A Tutorial on


High-Performance and Smart Networking Technologies for HPC and AI


In conjunction with SCA/HPCAsia 2026


Monday, January 26, 2026, 9:30 - 12:30 Japan Time


Osaka, Japan


by


Dhabaleswar K. Panda, Benjamin Michalowicz


The Ohio State University

Abstract

As InfiniBand (IB), High-speed Ethernet (HSE), RoCE, and Omni-Path technologies mature, they are being used to design and deploy various High-End Computing (HEC) systems: HPC clusters with GPGPUs supporting MPI, Storage and Parallel File Systems, Cloud Computing systems with SR-IOV Virtualization, Grid Computing systems, and Deep Learning systems. These systems are bringing new challenges in terms of performance, scalability, portability, reliability and network congestion. Many scientists, engineers, researchers, managers and system administrators are becoming interested in learning about these challenges, approaches being used to solve these challenges, and the associated impact on performance and scalability. This tutorial will start with an overview of these systems. Advanced hardware and software features of IB, Omni-Path, HSE, and RoCE and their capabilities to address these challenges will be emphasized. Next, we will focus on Open Fabrics RDMA and Libfabrics programming, and network management infrastructure and tools to effectively use these systems. A common set of challenges being faced while designing these systems will be presented. Case studies focusing on domain-specific challenges in designing these systems, their solutions and sample performance numbers will be presented. Finally, hands-on exercises will be carried out with Open Fabrics and Libfabrics software stacks and Network Management tools.

Outline

Presenters

Dhabaleswar K. Panda

Dhabaleswar K. Panda

DK Panda is a Professor and University Distinguished Scholar of Computer Science and Engineering at the Ohio State University. He is serving as the Director of the ICICLE NSF-AI Institute (https://icicle.ai). He has published over 500 papers. The MVAPICH MPI libraries, designed and developed by his research group (http://mvapich.cse.ohio-state.edu), are currently being used by more than 3,450 organizations worldwide (in 93 countries). More than 1.95 million downloads of this software have taken place from the project's site.
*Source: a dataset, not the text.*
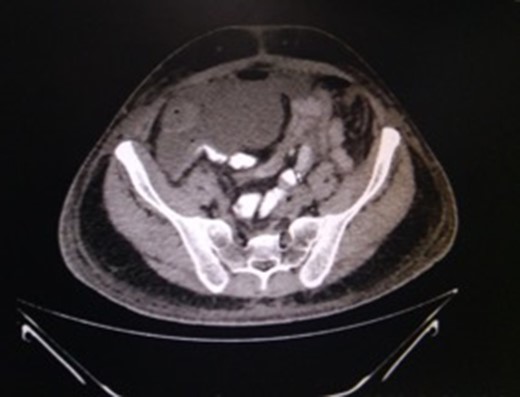 CT-abdomen showing pelvic collection. Source: Department of Radiology, Sir Ganga Ram Hospital, New Delhi.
This software is empowering many clusters in the TOP500 list. High-performance and scalable solutions for DL/ML frameworks from his group are available from https://hidl.cse.ohio-state.edu. Similarly, scalable and high-performance solutions for Big Data and Data science frameworks are available from https://hibd.cse.ohio-state.edu. Prof. Panda is an IEEE Fellow, an ACM Fellow, and the recipient of the 2022 IEEE Charles Babbage and 2024 TCPP Outstanding Service and Contribution Awards. More details about Prof. Panda are available at http://www.cse.ohio-state.edu/~panda.

Benjamin Michalowicz

Benjamin Michalowicz

Ben Michalowicz is a 5th year PhD student at the Ohio State University under Prof. DK Panda in the Network-Based Computing Laboratory. His research interests lie include high-performance computing (HPC), parallel architectures, network-based computing for HPC, and parallel programming environments. Specifically, he is interested in efficiently offloading workloads to Smart Network Cards like NVIDIA's BlueField DPUs. Ben actively contributes to the MVAPICH software.